How are you supposed to choose classes to fulfill all of the Modes of Thinking requirements? Is there some way to find a list of classes that satisfy each requirement?
There IS a list of current courses satisfying general requirements. Keep in mind that not all courses listed will be offered every semester but this is a good overview of what you can expect.

There’s a course listed on a department website with a description, but it shows no instructor or time for this upcoming semester. What does that mean?
Most likely it means that the class isn’t being taught in the fall. This is often the case with many First Year Seminars because most are only taught one semester. If you find a class like this, check back later when Spring courses are posted. It might be offered then!

There’s a FYW course listed that has a time but no professor. What does this mean?
Professors for FYW won’t be listed prior to registration. When you register for FYW, you’ll be registering for a class without knowing who the professor is. When FYW professors are posted, it'll be after the registration for FYW has closed so you'll be unable to change courses. Don't worry too much about this though! All the FYW professors really try their best to help you and your writing skills. Choose your course based on the topic and time that it meets and whether that conflicts with other courses you’re hoping to take.

What if the professor listed for the course I want to take has bad reviews?
Don’t take everything in online reviews to heart; not all reviews are accurate and not all students have the same experiences with a professor.
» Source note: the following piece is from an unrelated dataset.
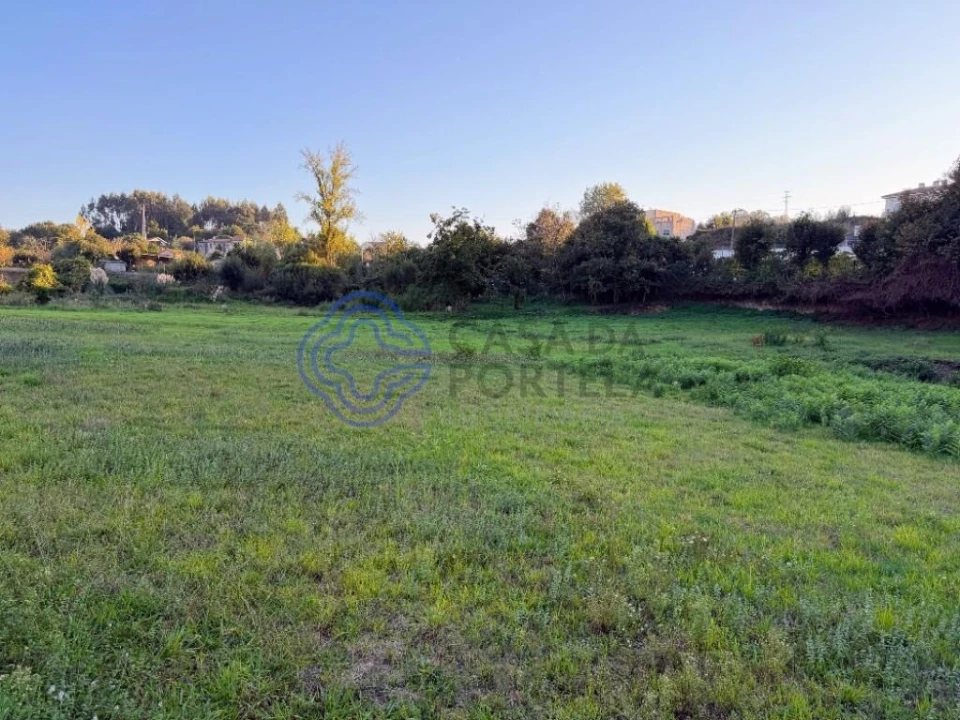 Terreno para Venda em Pedroso e Seixezelo Foto 3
Remember, people who had a bad experience with a professor are more likely to post a review than people who had an average or great experience. Also, keep in mind that people learn differently and expect different things from a professor. A professor that's a bad match for someone else might be a good match for you and vice versa. If you still are wary, you have the option of registering for a different section of the course (if available) or dropping a course during shopping period.
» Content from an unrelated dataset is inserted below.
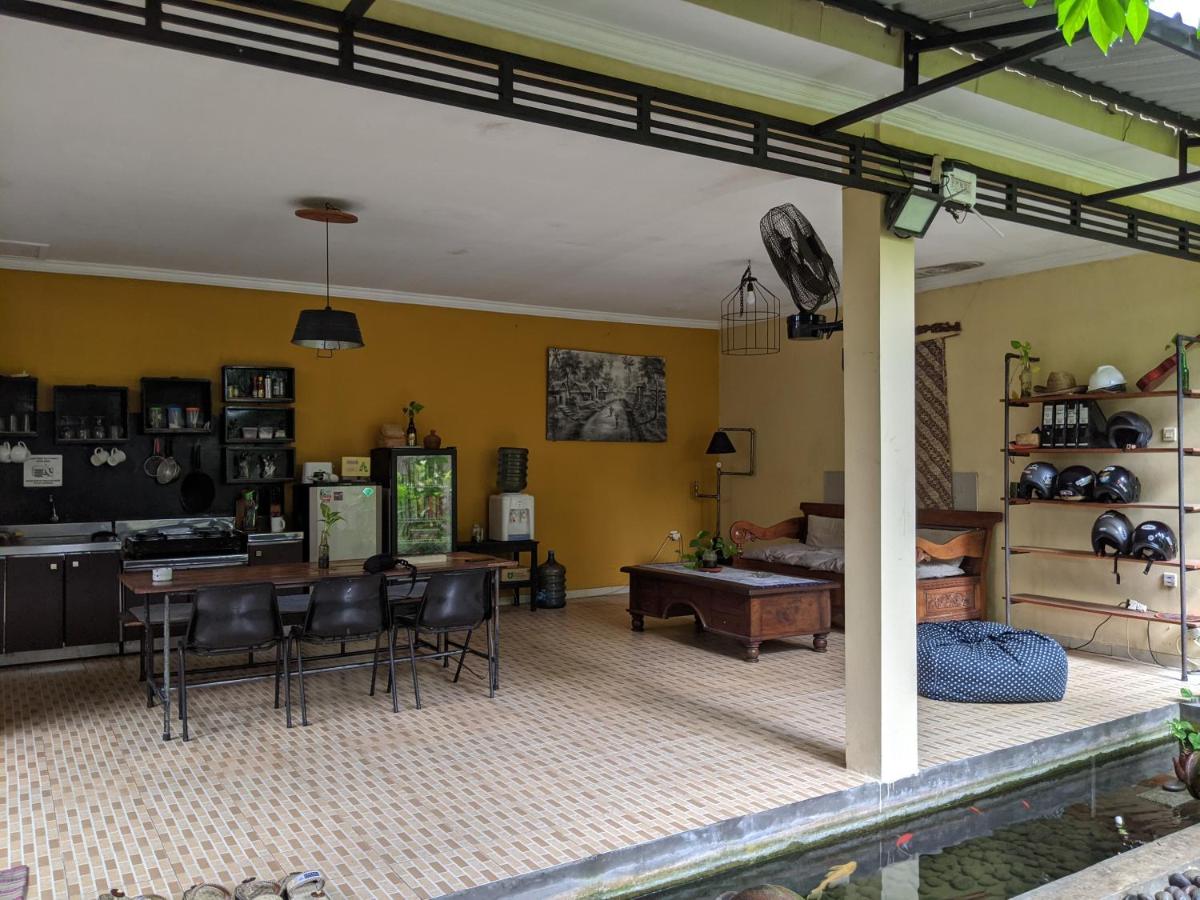Pojok Pas - Housity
How do you tell if a course is offered second semester? On course planning in my Barnard and the Columbia Directory it isn't clear.
When on the course directory you can select the semester you’re looking for, in this case, Spring 2018. Many of them have not been released, however, as departments will fluctuate and add/change the Spring courses they’re offering between now and the registration period. Don’t worry too much about your Spring plans for now as you’ll have ample time to meet with your advisor and plan things out accordingly.

What is the P.E. requirement? Where can I find P.E. classes? What classes fulfill the P.E. requirement?
All first-years need to take a P.E. class within their first year at Barnard (unless you’re a JTS/Barnard Double Degree student; then you have until the end of junior year). As aforementioned, while P.E. counts as a course, it is usually only 1 credit, so don’t worry too much about course total as opposed to credit total and try to stay somewhere between 12-18 credits for each semester. If you go to the Columbia Directory of Classes and select Physical Education @ Barnard under "Department", you can see all the courses that both the Barnard P.E. Department offers. 

You can take either a Barnard P.E. course, a dance class, or play a varsity sport to fulfill the P.E. requirement. During the summer registration process, you'll only be able to register for a Barnard P.E. course. If you would like to register for a dance class or a varsity sport, you'll be able to do so during the NSOP registration period. A limited number of spaces are available in Columbia P.E. courses for Barnard students. If you would like to take a Columbia P.E. course, you’ll have to go to the Columbia P.E. Department in person and request special permission to registered for a Columbia P.E. course. You cannot register for a Columbia P.E. course through the normal registration process on myBarnard.